その冒頭には、「給付の十分性」と「制度の持続可能性」の矛盾が先進諸国に共通する年金制度の課題だと大きな図で示され、解決策の第1番目に〈支給開始年齢の引き上げ〉が挙げられている。
さらに財務省が財政制度審議会に提出した資料(今年4月)では、『より望ましい年金制度への改革に向けた視点』として支給開始年齢の「68歳への引き上げ」を例示したうえで、2035年には団塊世代の次に人口が多い団塊ジュニアが65歳になることを指摘し、こう提案している。

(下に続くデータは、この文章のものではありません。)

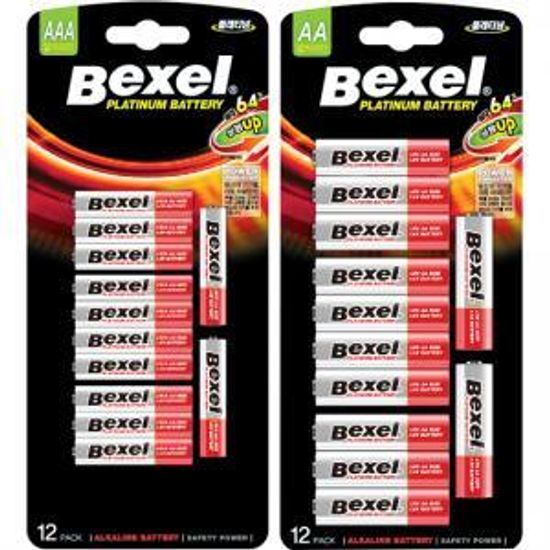 플래티넘 알카라인 고성능 건전지 AA 12알(1카드)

〈それまでに支給開始年齢を更に引き上げるべきではないか〉
その先には「70歳支給」が待ち受けている。では、どの世代が最も大きな被害を受けることになるのか。
財務省は次の引き上げのメーンターゲットを団塊ジュニア世代(1971~1974年生まれ)に定め、68歳受給を団塊ジュニアの年金受給が始まる前に実施するよう主張している。
具体的な時期はいつか。実は、厚労省内部では民主党政権時代に民主、自民、公明3党合意で消費税増税を決めた「社会保障と税の一体改革」(2012年)の頃から、68歳支給をどのタイミングで実施するか詳細なシミュレーションを積み重ねてきた。
当時の厚労省資料『支給開始年齢について』が参考になる。それによると、最短ケースでは6年後の2024年から段階的に支給年齢を引き上げ、今年60歳を迎える1958年生まれは「66歳支給」、翌1959年生まれが「67歳支給」、そして1960年生まれが「68歳支給」になると試算されている。これから定年後の年金選択を考える世代である。しかもその先には確実に「70歳引き上げ」が待ち受けている。現在57歳以下の日本人にはすでにそのレールが敷かれている。